À première vue : dernier tour 2021 !
Intérêt global :

Comme l’année dernière, en guise d’ultime article de présentation, je regroupe quelques éditeurs faisant le choix (ou le pari) de ne publier qu’un seul livre en cette rentrée littéraire 2021. Certains, économes par nature, sont coutumiers du fait, comme les éditions de Minuit. D’autres ont décidé de concentrer tous leurs efforts sur un seul texte, une décision aussi louable que courageuse. Et franchement, il y a pas mal de jolies choses, dont la plupart semblent joyeusement sortir de l’ordinaire.
J’en profite aussi pour rattraper certains éditeurs que j’apprécie, dont je n’avais pas encore le programme lorsque j’ai commencé l’édition 2021 de la rubrique « à première vue », et qui peuvent compter plus d’un titre dans leur programme. Exemple avec le premier de la liste ci-dessous.
LA FOSSE AUX OURS

Ubasute, d’Isabel Gutierrez
Mourante, Marie demande à son fils de la porter dans la montagne pour la déposer sous le grand rocher. Ce court premier roman évoque l’ubasute, cette pratique mythique au Japon qui consiste à amener un infirme ou un parent âgé dans un endroit éloigné et désolé pour le laisser mourir.
Un ciel rempli d’oiseaux, d’Antoine Choplin
Lors d’une cérémonie d’hommage à l’artiste rom Ceija Stojka, la narratrice se souvient du parcours singulier de son amie. Déportée à 10 ans, elle survit à trois camps de concentration, passant par Auschwitz, Ravensbrück et Bergen-Belsen. À 55 ans, elle sort du silence et se lance en autodidacte dans un travail de mémoire, au moyen de l’art et de l’écriture. Avec des illustrations de l’artiste.
ÉDITIONS DE MINUIT

La Fille qu’on appelle, de Tanguy Viel
Il y eut des rentrées exclusivement centrées sur Laurent Mauvignier, cette année sera consacrée à un autre grand nom du catalogue contemporain de Minuit : Tanguy Viel.
En 176 pages, celui-ci nous convie aux côtés de Max Le Corre, chauffeur du maire mais aussi père de Laura qui, à vingt ans, a décidé de revenir vivre avec lui. Max songe alors à solliciter le maire pour l’aider à trouver un logement.
Chez Viel, ce genre de résumé sibyllin a toutes les chances de déboucher sur de l’inattendu. Fera-t-il aussi fort qu’avec Article 353 du Code Pénal ? On en reparle à la rentrée.
ASPHALTE

Villa Wexler, de Jean-François Dupont
La veille de la rentrée scolaire, la mystérieuse famille Wexler s’installe dans une villa reculée nichée entre collines et sapins.
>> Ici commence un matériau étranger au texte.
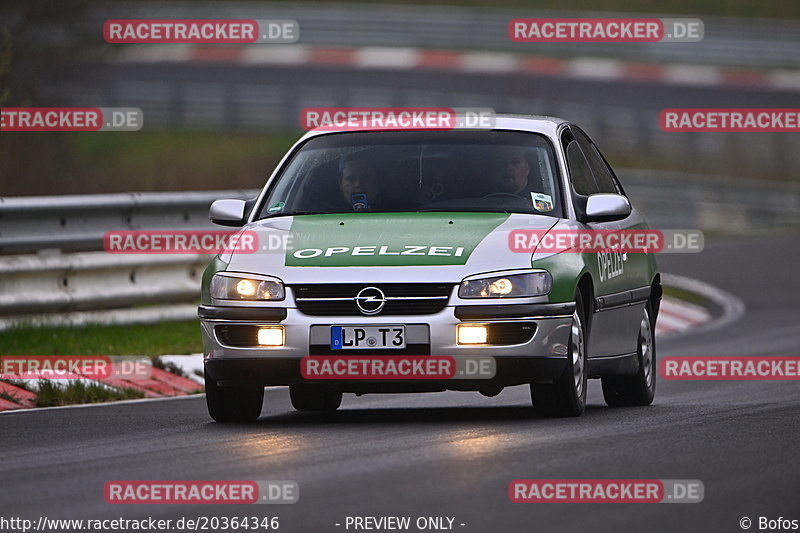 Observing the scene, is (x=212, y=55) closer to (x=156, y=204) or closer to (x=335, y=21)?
(x=335, y=21)

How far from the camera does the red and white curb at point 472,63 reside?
51219mm

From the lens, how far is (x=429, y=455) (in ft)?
27.8

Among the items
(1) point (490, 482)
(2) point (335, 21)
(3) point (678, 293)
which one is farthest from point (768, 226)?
(1) point (490, 482)

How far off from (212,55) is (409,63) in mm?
5433

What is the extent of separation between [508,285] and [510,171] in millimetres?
1274

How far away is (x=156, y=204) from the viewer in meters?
16.7

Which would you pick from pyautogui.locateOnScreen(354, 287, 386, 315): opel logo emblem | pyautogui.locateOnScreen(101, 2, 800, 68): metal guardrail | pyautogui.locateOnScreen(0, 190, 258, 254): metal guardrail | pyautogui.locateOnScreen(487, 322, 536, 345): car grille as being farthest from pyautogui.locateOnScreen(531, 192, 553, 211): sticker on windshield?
pyautogui.locateOnScreen(101, 2, 800, 68): metal guardrail

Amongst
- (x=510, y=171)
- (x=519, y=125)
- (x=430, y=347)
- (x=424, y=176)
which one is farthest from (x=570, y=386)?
(x=519, y=125)

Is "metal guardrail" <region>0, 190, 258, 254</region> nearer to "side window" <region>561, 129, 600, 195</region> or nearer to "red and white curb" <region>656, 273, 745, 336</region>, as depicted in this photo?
"side window" <region>561, 129, 600, 195</region>

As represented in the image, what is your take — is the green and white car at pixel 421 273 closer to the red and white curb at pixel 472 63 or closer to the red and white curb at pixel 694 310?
the red and white curb at pixel 694 310

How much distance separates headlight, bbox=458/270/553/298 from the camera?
32.2 feet

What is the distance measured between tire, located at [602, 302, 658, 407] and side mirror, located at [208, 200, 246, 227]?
257 cm

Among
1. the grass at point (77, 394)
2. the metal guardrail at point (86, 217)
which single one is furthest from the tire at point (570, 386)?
the metal guardrail at point (86, 217)

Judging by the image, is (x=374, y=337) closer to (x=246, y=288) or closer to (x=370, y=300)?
(x=370, y=300) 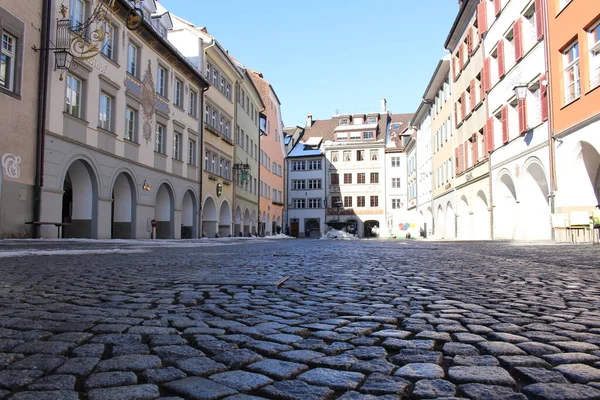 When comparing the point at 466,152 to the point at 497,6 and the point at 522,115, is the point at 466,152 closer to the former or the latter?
the point at 497,6

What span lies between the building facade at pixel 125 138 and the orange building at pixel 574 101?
1603cm

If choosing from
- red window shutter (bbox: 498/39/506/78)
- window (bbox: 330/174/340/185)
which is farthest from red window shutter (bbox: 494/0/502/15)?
window (bbox: 330/174/340/185)

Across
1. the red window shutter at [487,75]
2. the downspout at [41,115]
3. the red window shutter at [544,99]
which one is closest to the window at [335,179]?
the red window shutter at [487,75]

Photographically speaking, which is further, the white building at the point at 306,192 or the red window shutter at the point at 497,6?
the white building at the point at 306,192

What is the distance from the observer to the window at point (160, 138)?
80.8 feet

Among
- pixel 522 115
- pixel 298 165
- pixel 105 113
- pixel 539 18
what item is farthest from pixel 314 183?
pixel 539 18

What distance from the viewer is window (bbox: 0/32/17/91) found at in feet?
47.5

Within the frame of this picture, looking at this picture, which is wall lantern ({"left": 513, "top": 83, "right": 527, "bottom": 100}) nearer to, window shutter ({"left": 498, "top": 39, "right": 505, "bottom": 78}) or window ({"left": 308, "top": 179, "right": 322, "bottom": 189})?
window shutter ({"left": 498, "top": 39, "right": 505, "bottom": 78})

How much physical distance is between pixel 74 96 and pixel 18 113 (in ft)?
10.2

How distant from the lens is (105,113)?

Le père, charismatique professeur au lycée, fascine ceux qu’il côtoie, adultes comme élèves. L’un d’eux, Mathias, va fréquenter ce clan fusionnel. Cheyenne, qui passe son temps à cheval. Karl, toujours une carabine à l’épaule. Charlotte, avec qui l’adolescent va vivre un premier amour lumineux, pendant qu’une relation plus trouble semble se nouer entre Wexler et la jeune Aurore… Jusqu’au jour où il propose à sa classe de tourner un film en forêt.
Vingt ans plus tard, Mathias revient dans sa ville natale, sur les traces de son passé et de cette famille vénéneuse.
LES AVRILS

Les garçons de la Cité-Jardin, de Dan Nisand
Auteur d’une bizarrerie titrée Morsure aux éditions Naïve en 2007, Dan Nisand reprend la plume chez la toute jeune maison des Avrils et nous invite dans la cité-jardin Hildenbrandt, en Alsace.
C’est là qu’a grandi Melvil, là qu’il vit toujours, en modeste employé de mairie qui s’occupe seul de son père depuis le départ de ses frères aînés – Virgile, engagé dans la Légion, et Jonas, qui a purement et simplement disparu. Au grand soulagement de leurs voisins, qui ont longtemps souffert de leur violence.
Cependant, un jour de printemps, le téléphone. Et la rumeur commence à se répandre dans la cité-jardin…
LE TRIPODE

Mort aux girafes, de Pierre Demarty
Rien que pour le titre, franchement, il aurait été dommage de passer à côté… Bon, après il s’agit d’un texte rédigé en une seule phrase longue de 200 pages, procédé littéraire qui a le don de me faire fuir – j’aime trop les pauses et les silences pour adhérer à ce genre de dispositif certes admirable, mais que je trouve systématiquement épuisant.
Voici comment le présente l’éditeur : « avançant sous le masque de la digression et du coq-à-l’âne poussés dans leurs ultimes retranchements pour mieux aborder des questions graves telles que la mort, l’amour, la cohabitation interethnique en milieu carcéral et l’épépinage des groseilles, Mort aux girafes est un cri d’indignation, un brûlot féministe, un thriller haletant aux résonances écologiques en prise avec l’actualité la plus actuelle – bref, on l’aura compris, un roman coup de poing dont on ne sort pas indemne. »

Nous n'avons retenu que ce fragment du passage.